With a turnover of more than 2.5m and 130 staff, Tobias admits she couldn't have achieved such phenomenal growth starting up her own pizza business.

There are significant advantages, such as advertising at a national level, a high degree of brand awareness, and the benefits of sourcing quality ingredients at the kind of prices that only come with economies of scale. In addition, says Tobias, the support from Domino's head office in every aspect of the business, from technology to marketing, has been invaluable.

"I don't think I would have been able to grow as quickly, and I would probably have spent more learning from my mistakes," she says. "But it's important to remember that a franchise is still your own business, it's not as if you are working for anyone else, you are just benefiting from following a tried and tested formula."

In the UK as a whole, the franchise industry is said to be worth 11.4 billion. As a result of the recession, estimated start-up costs have declined and new entrants can expect to pay up to 50,400 in fees and other associated charges. But with the average turnover being 326,000, it's not long before a successful franchisee recoups their outgoings.

Sharon Symon runs a Stagecoach Performing Arts franchise in East Kilbride. She opened her doors in September 2008 to the resounding crash of the financial system. It was a nerve-wracking time but, a year down the line, the business is well established with a healthy turnover and a great team. With a shrewd eye on her future pension, Symon recognised the potential of franchising and is now considering expansion. Her business survived the financial storm in part as a result of the shelter and experience of the large organisation behind her. Stagecoach has weathered two recessions in its 20-year history and come out of both stronger, says Symon.

She also knew she could trust the product to work. "The format is tried and tested, and what I had to do was ensure the quality of what we were offering was really good and people knew about it. Again, there was the network's experience to draw on and a good supply of marketing materials."

While franchising is much less risky than a traditional business start-up, there is no less commitment required to make it work; franchisees can't just rely on the parent company for success. It's vital franchisees research their own market for the product or service they intend to provide.

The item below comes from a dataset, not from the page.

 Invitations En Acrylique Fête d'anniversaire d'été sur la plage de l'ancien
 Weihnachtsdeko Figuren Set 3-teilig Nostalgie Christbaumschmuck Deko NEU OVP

Fiona Robertson knows from experience that it's important to do your homework before starting out. Robertson spent years working on franchises for brewer Scottish & Newcastle. So when she launched her own franchise, Shoes Glorious Shoes, a couple of months ago, she did so having researched her potential customers and after producing detailed plans.

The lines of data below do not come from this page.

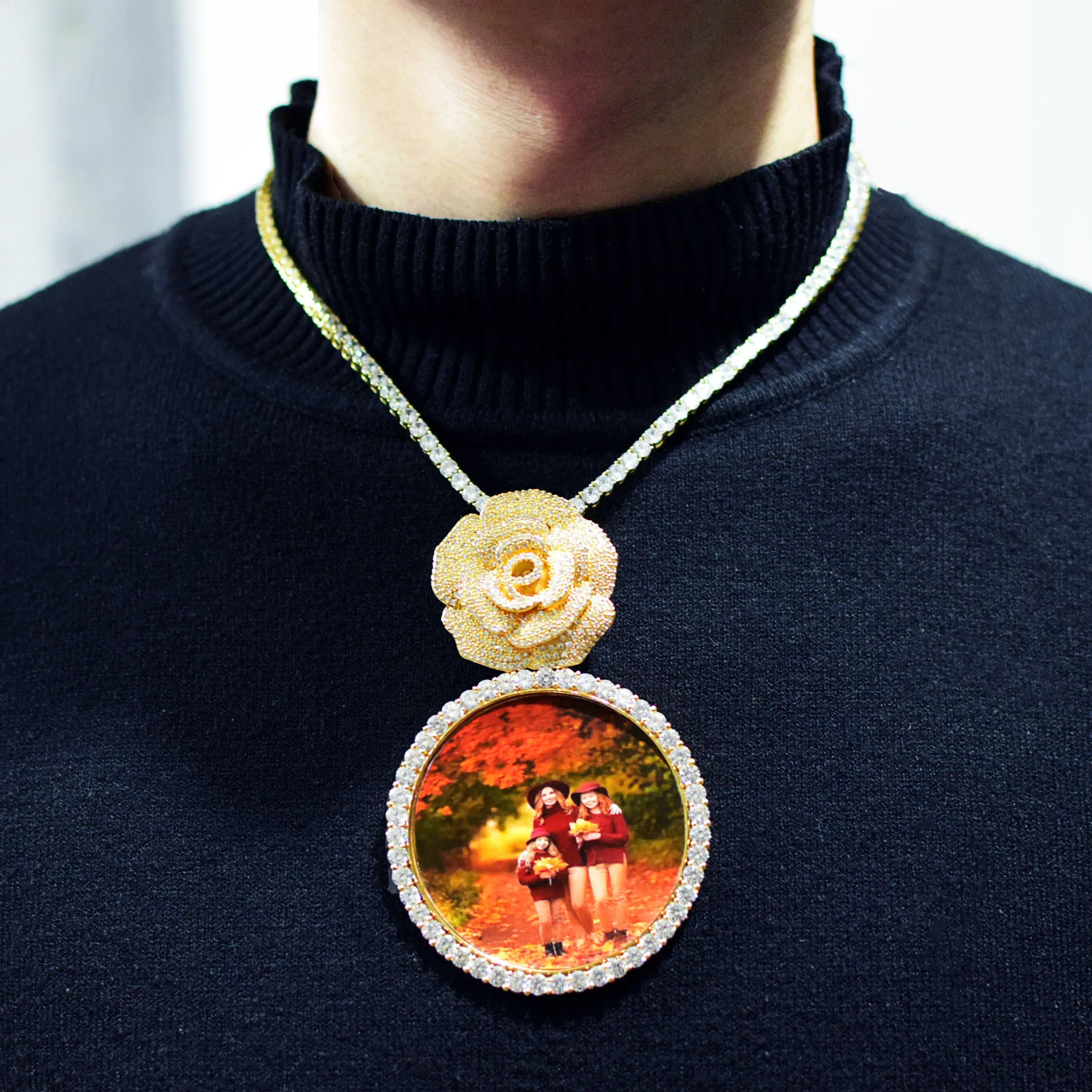 CUC Custom Photo Pendant Rose Flower Bail Memory Frame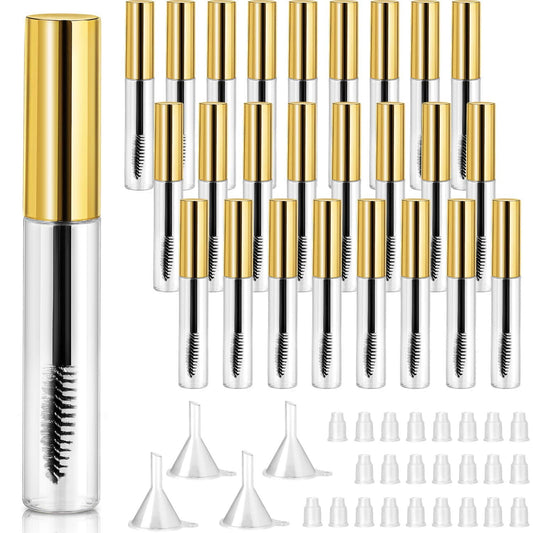25 Pieces 10 ml Empty Mascara Tubes Wand Empty Eyelash Bottle Clear Refillable Mascara Container with 4 Pieces Funnels Transfer Pipettes for Castor Oil and DIY Cosmetics (Gold)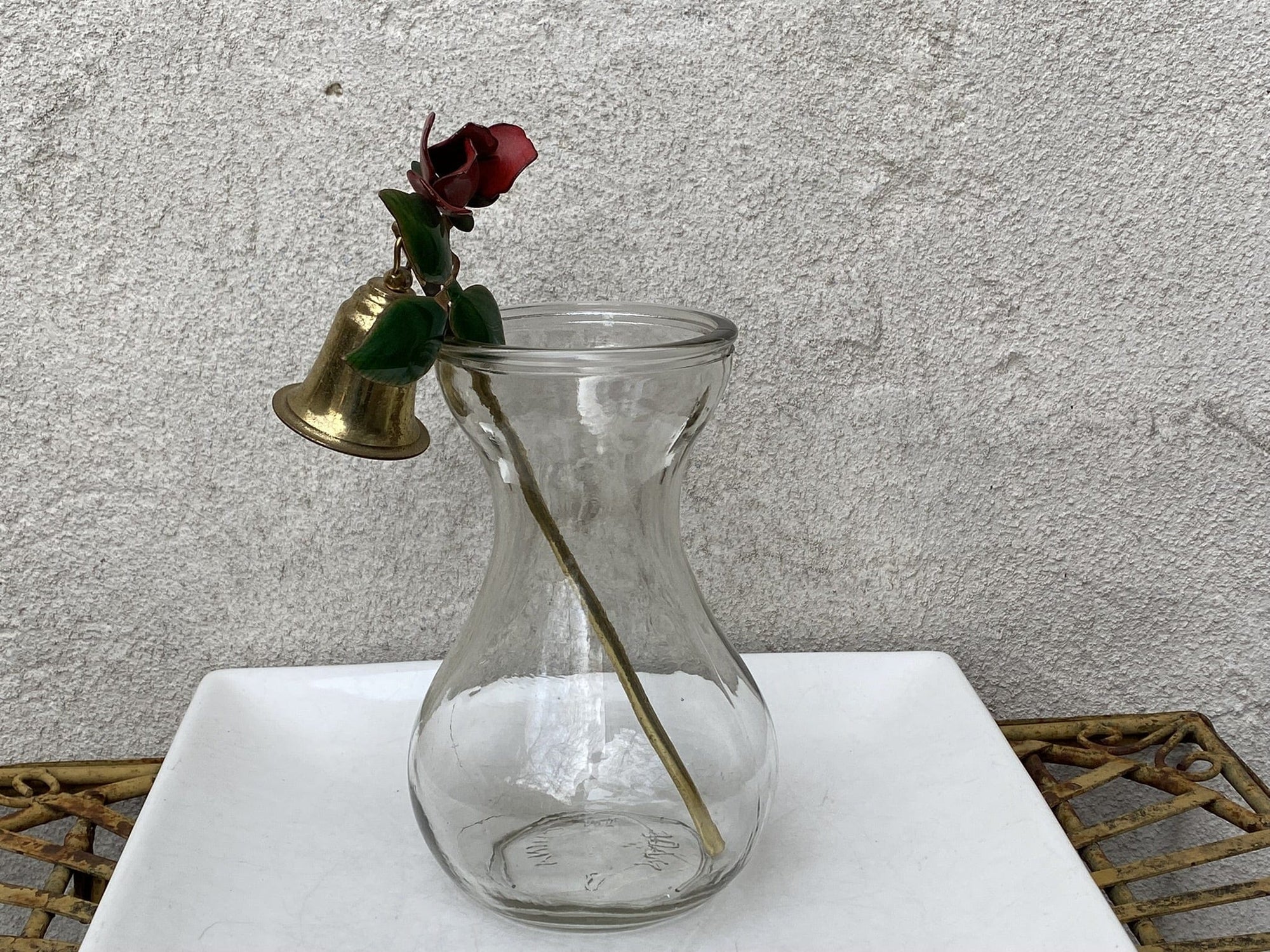 I Like Mike's Mid Century Modern Candle Snuffers Brass Candle Snuffer with Red Rose Cap and 7" Reach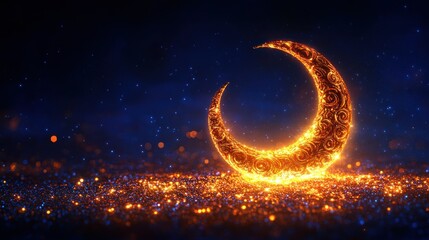 Illuminated crescent moon, Ramadan, night sky, glitter background, religious imagery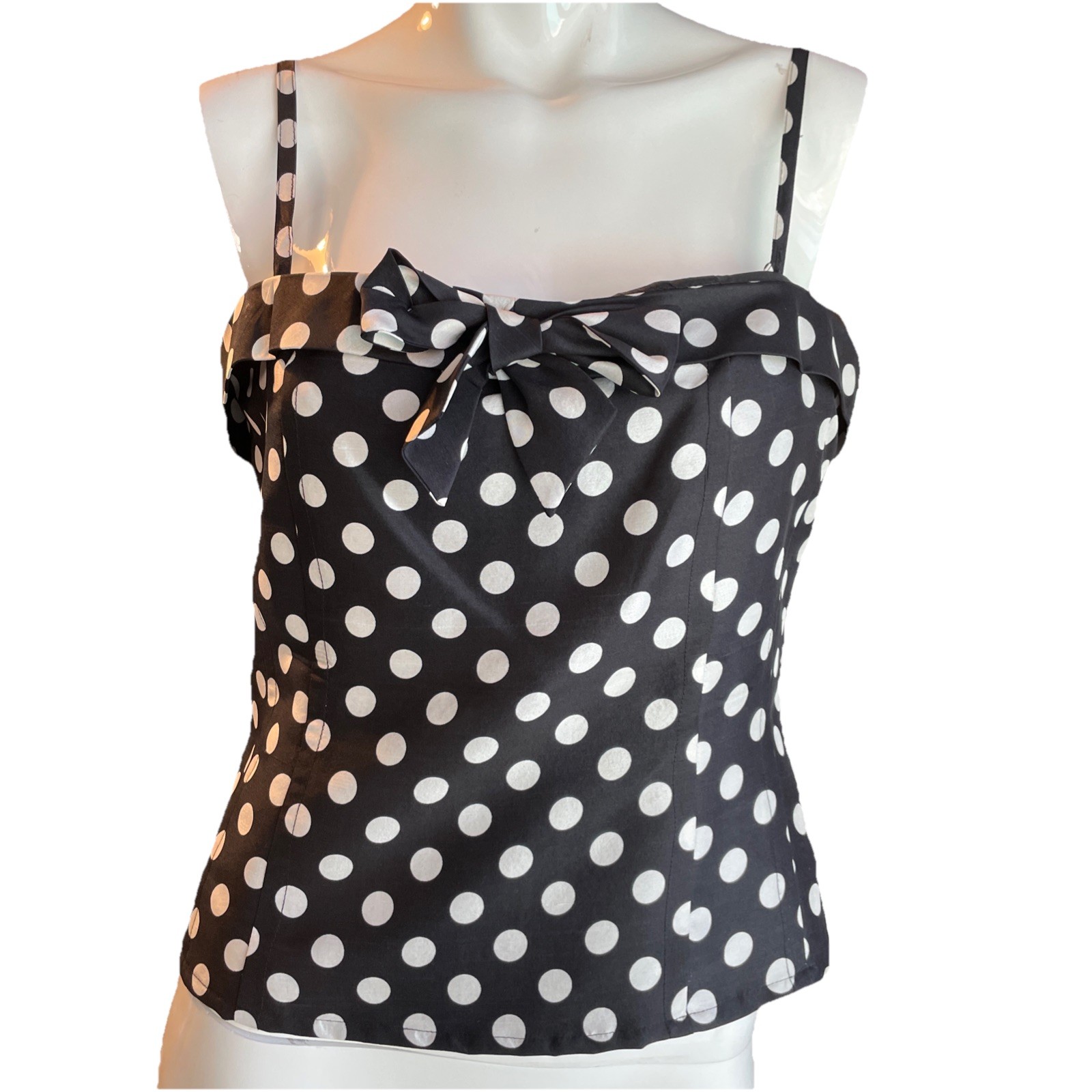 Vintage Silkland Blouse Top BlackWhite 100% Silk Tank Spaghetti Strap SzM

Now into her second month of trading, Robertson has met her targets and is confident that the business will grow from strength to strength. Just because it works elsewhere, she warns, doesn't mean success is guaranteed in the would-be franchisee's chosen area.

Robertson also advises wannabe franchisees to work closely with their parent company. "To get the most out of the relationship, you should consider it a partnership. You aren't an employee but a business person in your own right, so you should ensure you have detailed and well-researched strategies for both growth and exit, further down the line."

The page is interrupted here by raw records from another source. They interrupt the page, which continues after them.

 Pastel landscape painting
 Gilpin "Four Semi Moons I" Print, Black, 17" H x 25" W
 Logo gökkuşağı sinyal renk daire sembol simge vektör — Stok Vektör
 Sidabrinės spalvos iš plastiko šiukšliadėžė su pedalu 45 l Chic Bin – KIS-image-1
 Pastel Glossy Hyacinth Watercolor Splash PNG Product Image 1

While some of the growth in the franchise market is recession-driven, there are those who believe increased awareness and expansion will continue for the foreseeable future.

Johnny Sellyn has been actively involved in franchising for more than 20 years and, as managing director of whichfranchise.com, he sees on a daily basis the opportunities franchising can bring.

He is keen to raise awareness of the growth opportunities in franchising, and insists it will be key to the future strength of the economy. With traditional business start-ups failing at such a rate, says Sellyn, the safer approach is clearly through franchising.